From 18053172e81dceb1e3d00dac12576a657cd891c2 Mon Sep 17 00:00:00 2001
From: maning202007 <maning36@huawei.com>
Date: Sat, 29 Jul 2023 11:18:21 +0800
Subject: [PATCH] DumpAnalyser support statistic file

---
 mindinsight/debugger/api/dump_analyzer.py | 242 ++++++++++++++++++++++
 mindinsight/debugger/api/statistic.py     |  61 ++++++
 2 files changed, 303 insertions(+)
 create mode 100644 mindinsight/debugger/api/statistic.py

diff --git a/mindinsight/debugger/api/dump_analyzer.py b/mindinsight/debugger/api/dump_analyzer.py
index 0c7551ad..8cedf631 100644
--- a/mindinsight/debugger/api/dump_analyzer.py
+++ b/mindinsight/debugger/api/dump_analyzer.py
@@ -15,12 +15,17 @@
 """Debugger python API."""
 import os.path
 from typing import Iterable
+import csv
+import stat
+from pathlib import Path
+import numpy as np
 
 import mindinsight
 from mindinsight.debugger.api.conditions import WatchpointHit, HitDetail, WatchpointHandle, WatchpointHitImpl
 from mindinsight.debugger.api.debugger_engine import DebuggerEngine
 from mindinsight.debugger.api.debugger_tensor import DebuggerTensor, DebuggerTensorImpl
 from mindinsight.debugger.api.node import Node, NodeImpl, NodeUniqueId
+from mindinsight.debugger.api.statistic import TensorStatistic, SummaryStatistic
 from mindinsight.debugger.common.exceptions.exceptions import DebuggerParamValueError
 from mindinsight.debugger.common.log import LOGGER as log
 from mindinsight.debugger.common.log import setup_logger
@@ -312,6 +317,243 @@ class DumpAnalyzer:
                     tensors.extend(node.get_output_tensors(slots=slots, iterations=iterations))
         return tensors
 
+    def select_tensor_statistics(
+            self,
+            iterations=None,
+            ranks=None):
+        """
+        Select tensors.
+
+        Select the matched tensors in the directory according to the
+        sepicified filter condition, see the parameters for detail.
+
+        Args:
+            iterations (Union[int, list[int], None], optional): The iteration(s) to select. ``None`` means all dumped
+                iterations will be selected. Default: ``None``.
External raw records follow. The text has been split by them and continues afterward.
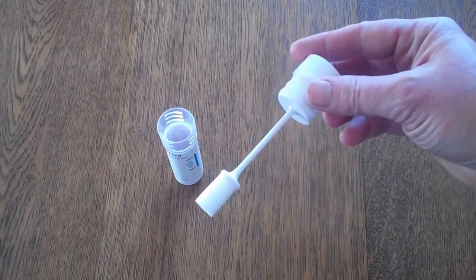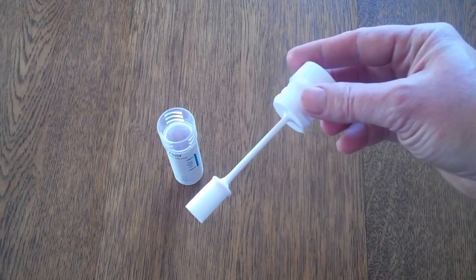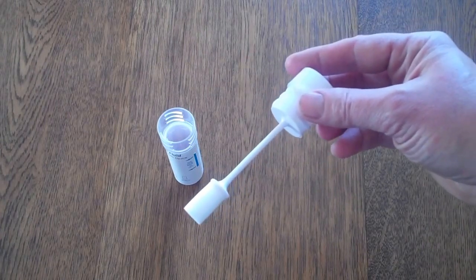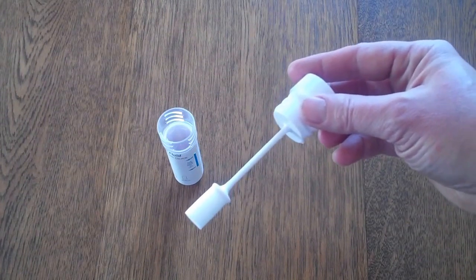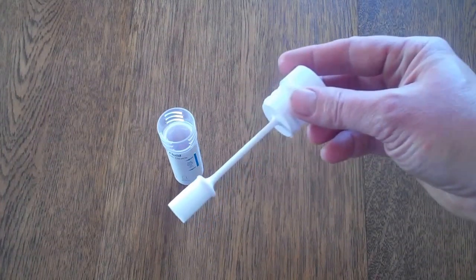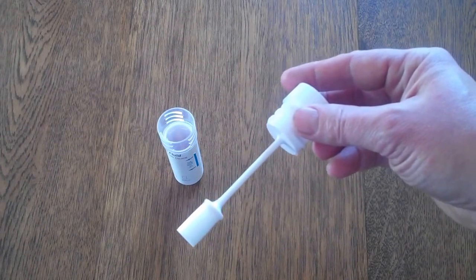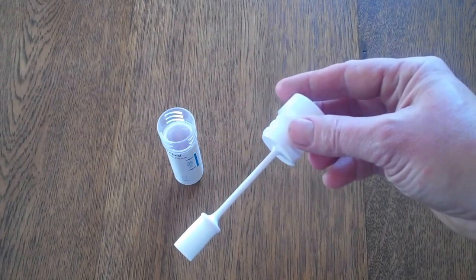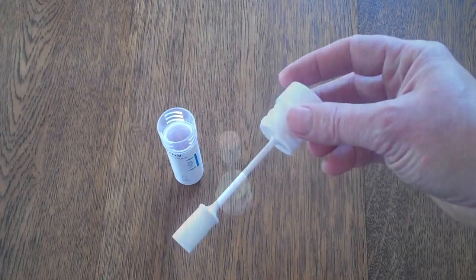If the swab is just swabbed around the mouth or cheek and then applied to the test, insufficient saliva will be absorbed and the test will not work. So what we're going to do now is give this to a donor to actually saturate the swab with saliva.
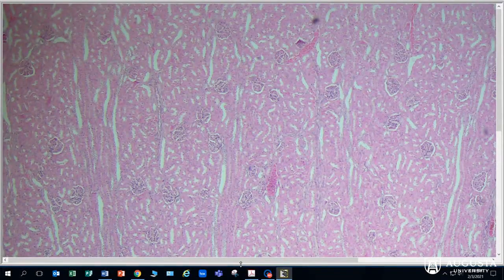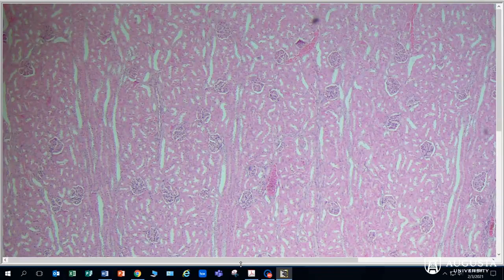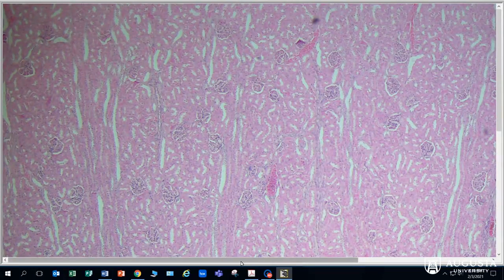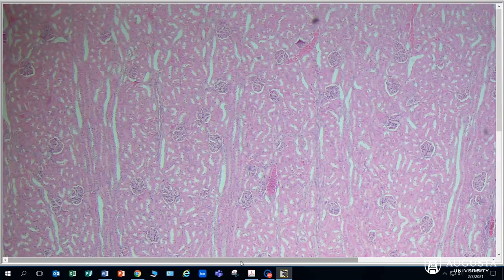In this video we are going to explain the simple squamous epithelium. This time we're going to look at the kidney. There's a different video looking at the simple squamous epithelium of the tissue of the lung.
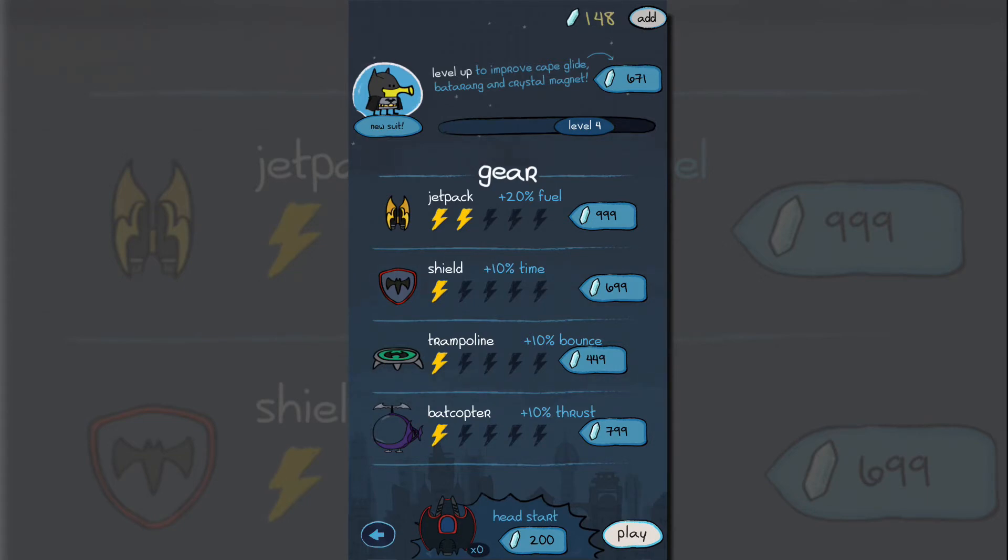And you collect these things that are called crystals. You can get them by playing the game or you can purchase them with real money, and then with those crystals you're able to upgrade your gear. So you're able to upgrade your jetpack, shield, trampoline, your Bat-Copter, that kind of stuff. It improves your character also.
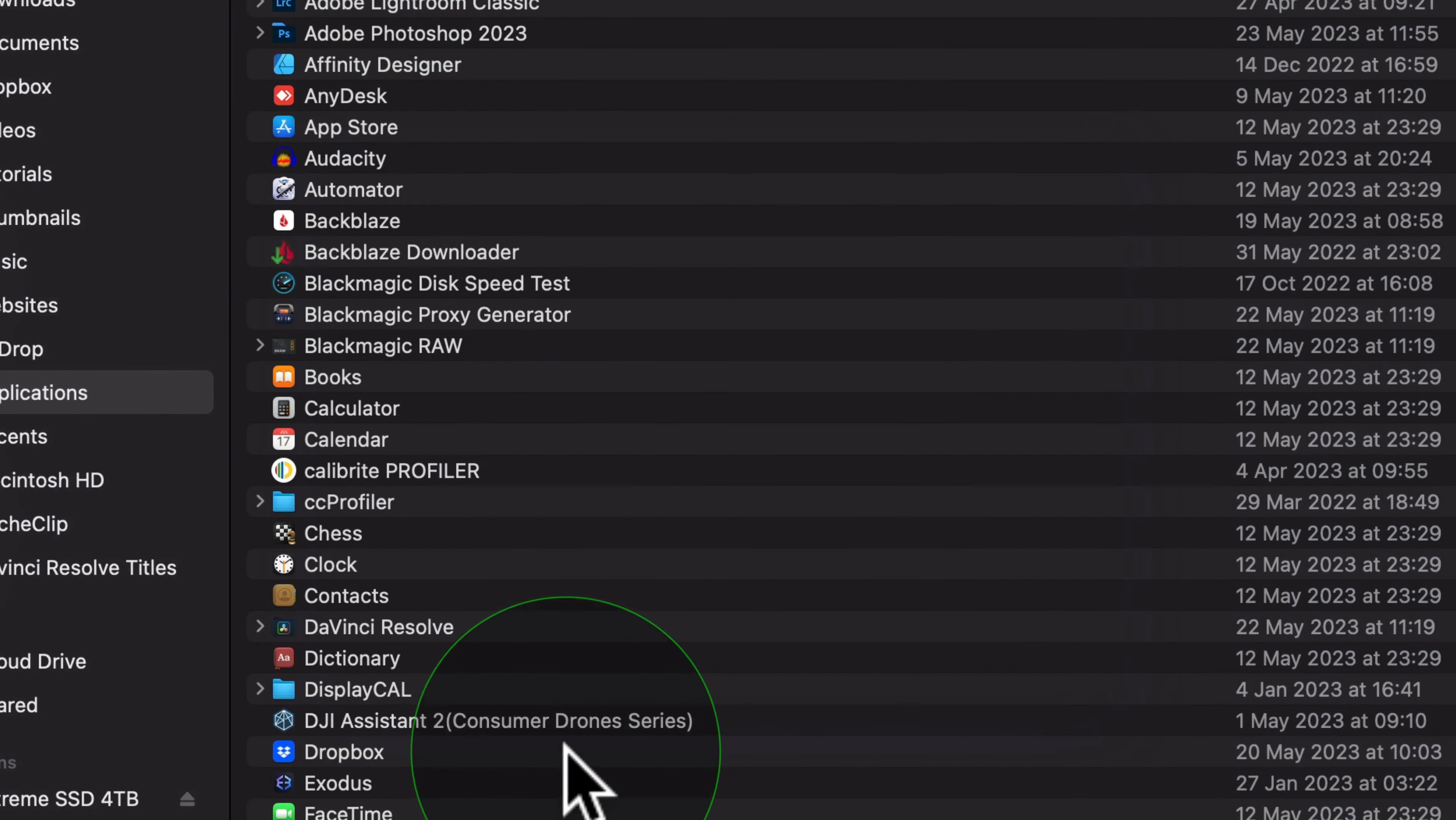It will ask for a password, enter it now, then it'll say quit and reopen. Quit and reopen in privacy and security. You'll also need to go to full disk access.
+            ranks (Union[int, list[int], None], optional): The rank(s) to select. ``None`` means all ranks
+                will be selected. Default: ``None``.
+
+        Returns:
+          Dict[TensorStatistic], the matched TensorStatistics. The format is:
+            {"rank_id":{
+                "iteration_id":[TensorStatistic],
+                ...
+                }
+            ...
+            }
+
+        Examples:
+                >>> from mindinsight.debugger import DumpAnalyzer
+                >>> my_run = DumpAnalyzer(dump_dir="/path/to/your/dump_dir_with_dump_data")
+                >>> statistics = my_run.select_tensor_statistics(ranks=[0])
+        """
+        ranks = self._get_iterable_ranks(ranks)
+        dumped_iterations = self.get_iterations(ranks)
+        iterations = parse_param_to_iterable_obj(iterations, 'iterations', dumped_iterations)
+
+        tensor_statistics = {}
+        for rank_id in ranks:
+            static_in_rank = {}
+            for iteration_id in self.get_iterations(ranks=[rank_id]):
+                if iteration_id not in iterations:
+                    continue
+                tensor_statistic = self._get_statistic(rank_id=rank_id, iteration_id=iteration_id)
+                static_in_rank[iteration_id] = tensor_statistic
+            tensor_statistics[rank_id] = static_in_rank
+        return tensor_statistics
+
+    def _get_statistic(self, rank_id, iteration_id):
+        """
+        Get the TensorStatic of the corresponding rank and iteration.
+        """
+        tensor_statistics = []
+        if not self._data_loader.has_data:
+            return tensor_statistics
+        net_name = self._data_loader.get_net_name()
+        net_dir = Path(os.path.join(self._dump_dir, 'rank_' + str(rank_id), net_name)).absolute()
+        for graph_dir in net_dir.iterdir():
+            target_step_dir = graph_dir / str(iteration_id)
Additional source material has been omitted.